According to sources, a $630 million deal that would have reshaped the American newspaper industry has experienced complications barely a month after reaching an agreement. Following the complications, New York hedge fund Alden Global Capital could have a deal with a new player for the Tribune Publishing business.
Agreement between Alden and Tribune publishing falls through
Tribune Publishing is a chain owning major political dailies in the US including, The Baltimore Sun, The Daily News, and The Chicago Tribune. On February 16, Alden Global, which is the largest Tribune Publishing shareholder with a 32% stake, reached an agreement to acquire the remaining interest in a deal estimated to be around $630 million. Sources indicate that the deal would see Alden take over ownership of all Tribune papers and then spin-off two smaller Maryland papers and The Sun at $65 million to a non-profit run by Stewart W. Bainnum Jr.
In recent weeks, Alden and Bainum have been at loggerheads regarding the operating arrangement for operation as Maryland papers changed ownership. Surprisingly, the Maryland hotel tycoon has made an initial step to making a bid to acquire all of the Tribune Publishing.

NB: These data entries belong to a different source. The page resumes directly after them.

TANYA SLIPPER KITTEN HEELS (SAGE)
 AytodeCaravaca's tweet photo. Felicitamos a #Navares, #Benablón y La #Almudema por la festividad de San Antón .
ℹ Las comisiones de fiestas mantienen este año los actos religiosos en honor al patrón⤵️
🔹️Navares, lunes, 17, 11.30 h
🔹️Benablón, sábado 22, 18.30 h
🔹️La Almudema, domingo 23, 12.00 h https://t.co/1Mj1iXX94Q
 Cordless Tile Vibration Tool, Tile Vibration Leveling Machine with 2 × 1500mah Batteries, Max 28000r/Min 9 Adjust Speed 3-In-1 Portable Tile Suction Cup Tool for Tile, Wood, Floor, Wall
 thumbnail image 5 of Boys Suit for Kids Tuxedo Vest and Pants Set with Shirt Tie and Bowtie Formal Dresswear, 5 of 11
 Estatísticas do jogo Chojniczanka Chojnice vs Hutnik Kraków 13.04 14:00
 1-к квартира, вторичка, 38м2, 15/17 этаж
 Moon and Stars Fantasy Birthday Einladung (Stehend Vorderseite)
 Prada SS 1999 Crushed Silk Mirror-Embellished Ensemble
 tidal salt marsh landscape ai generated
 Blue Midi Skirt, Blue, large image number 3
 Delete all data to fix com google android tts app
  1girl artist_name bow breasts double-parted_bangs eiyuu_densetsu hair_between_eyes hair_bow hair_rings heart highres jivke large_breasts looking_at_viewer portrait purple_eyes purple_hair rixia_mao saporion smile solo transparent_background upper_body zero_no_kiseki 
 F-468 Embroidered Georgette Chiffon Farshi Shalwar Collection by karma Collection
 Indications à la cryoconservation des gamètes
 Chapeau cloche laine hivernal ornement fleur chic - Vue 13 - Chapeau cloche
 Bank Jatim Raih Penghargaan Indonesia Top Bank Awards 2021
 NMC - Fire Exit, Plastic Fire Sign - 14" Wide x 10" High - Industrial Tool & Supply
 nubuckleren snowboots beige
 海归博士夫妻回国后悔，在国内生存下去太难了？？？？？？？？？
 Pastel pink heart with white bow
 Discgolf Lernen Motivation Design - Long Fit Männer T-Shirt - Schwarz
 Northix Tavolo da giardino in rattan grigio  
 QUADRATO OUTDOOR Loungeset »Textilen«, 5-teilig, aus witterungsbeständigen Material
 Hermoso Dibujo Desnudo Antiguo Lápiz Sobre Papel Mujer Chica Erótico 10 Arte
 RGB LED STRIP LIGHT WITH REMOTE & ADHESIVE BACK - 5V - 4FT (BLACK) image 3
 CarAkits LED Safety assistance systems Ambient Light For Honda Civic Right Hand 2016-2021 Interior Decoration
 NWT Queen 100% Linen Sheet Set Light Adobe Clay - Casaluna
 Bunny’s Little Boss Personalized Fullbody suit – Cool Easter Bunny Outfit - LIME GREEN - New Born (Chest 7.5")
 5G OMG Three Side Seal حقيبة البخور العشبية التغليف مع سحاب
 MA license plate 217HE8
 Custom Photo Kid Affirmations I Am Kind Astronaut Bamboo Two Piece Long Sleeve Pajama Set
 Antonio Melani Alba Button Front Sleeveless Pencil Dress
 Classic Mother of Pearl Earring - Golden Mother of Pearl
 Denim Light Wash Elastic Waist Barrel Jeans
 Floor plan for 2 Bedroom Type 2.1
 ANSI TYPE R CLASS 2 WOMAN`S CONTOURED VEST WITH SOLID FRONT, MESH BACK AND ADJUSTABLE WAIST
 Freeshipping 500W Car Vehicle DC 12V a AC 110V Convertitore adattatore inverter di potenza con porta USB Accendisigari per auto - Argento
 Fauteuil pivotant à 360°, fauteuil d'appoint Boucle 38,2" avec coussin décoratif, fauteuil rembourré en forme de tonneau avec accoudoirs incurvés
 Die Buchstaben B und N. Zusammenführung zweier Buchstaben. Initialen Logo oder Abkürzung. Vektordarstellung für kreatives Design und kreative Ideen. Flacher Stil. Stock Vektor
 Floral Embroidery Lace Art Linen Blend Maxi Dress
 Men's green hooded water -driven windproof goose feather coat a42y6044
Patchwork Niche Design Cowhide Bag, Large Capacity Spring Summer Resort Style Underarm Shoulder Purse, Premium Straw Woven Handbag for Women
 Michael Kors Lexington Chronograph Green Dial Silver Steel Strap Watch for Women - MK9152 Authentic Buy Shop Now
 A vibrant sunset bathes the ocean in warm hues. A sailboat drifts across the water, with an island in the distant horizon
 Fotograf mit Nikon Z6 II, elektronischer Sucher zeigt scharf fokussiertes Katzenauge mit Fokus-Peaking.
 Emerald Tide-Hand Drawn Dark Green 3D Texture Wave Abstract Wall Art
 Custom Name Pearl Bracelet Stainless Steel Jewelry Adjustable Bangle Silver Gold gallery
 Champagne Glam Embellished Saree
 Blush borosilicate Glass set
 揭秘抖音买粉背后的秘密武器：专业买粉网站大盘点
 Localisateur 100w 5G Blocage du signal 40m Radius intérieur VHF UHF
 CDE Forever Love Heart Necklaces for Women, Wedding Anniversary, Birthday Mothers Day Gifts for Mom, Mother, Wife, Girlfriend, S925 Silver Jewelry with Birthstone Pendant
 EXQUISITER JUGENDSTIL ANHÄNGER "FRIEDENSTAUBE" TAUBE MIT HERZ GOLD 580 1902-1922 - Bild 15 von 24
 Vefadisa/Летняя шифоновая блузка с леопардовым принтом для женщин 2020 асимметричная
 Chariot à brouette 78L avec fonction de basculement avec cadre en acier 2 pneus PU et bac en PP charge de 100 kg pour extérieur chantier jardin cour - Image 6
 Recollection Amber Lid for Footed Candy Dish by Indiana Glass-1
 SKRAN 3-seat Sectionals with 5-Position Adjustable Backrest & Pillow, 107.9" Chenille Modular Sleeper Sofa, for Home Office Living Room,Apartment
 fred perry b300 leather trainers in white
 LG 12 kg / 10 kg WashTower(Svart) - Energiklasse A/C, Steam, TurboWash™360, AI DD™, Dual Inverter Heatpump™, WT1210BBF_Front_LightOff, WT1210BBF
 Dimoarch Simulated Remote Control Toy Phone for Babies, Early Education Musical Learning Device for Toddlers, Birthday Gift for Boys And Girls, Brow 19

Bainum wants to pursue new bids with other partners
Bainum has requested the Tribune Publishing committee comprising three independent board members to release him from the nondisclosure agreement barring him from discussing the deal. This will enable him to pursue other partners for a fresh bid. Unfortunately, Baimun, Alden, and Tribune Publishing’s special committed are yet to comment on the same.
For over a decade now, Alden has been in the newspaper business. The hedge fund owns almost 60 dailies including, The San Jose Mercury News and The Denver Post. Interestingly, the deal to acquire the entire Tribune Publishing stake could have made the company a greater force in the industry. By some measure, it would have made it the second-largest newspaper firm in the country after Gannet, which publishes around one-fifth of all US newspapers such as USA Today.
Alden criticized for laying off journalists
However, Alden has been at the end of criticism from journalists who accuse it of deep cost-cutting at the newspapers it runs by laying off staff and shrinking local news coverage. Journalists at most Tribune papers have over the past year led campaigns asking benefactors to acquire newspapers employing them, so they don’t fall under Alden’s control. To its defense, Alden argues that it is a rare firm that keeps local newspapers from running out of business.
A deal for Alden to acquire the remaining stake in Tribune Publishing requires approval from shareholders owning around two-thirds of the Tribune Publishing interest currently not held by Alden. Biotech billionaire Patrick Soon-Shiong, who owns the Los Angeles Times with his wife, is the largest shareholder with 25% holding in Tribune Publishing. He controls enough interest in the company to veto a deal but has not commented on the agreement between tribune and Alden.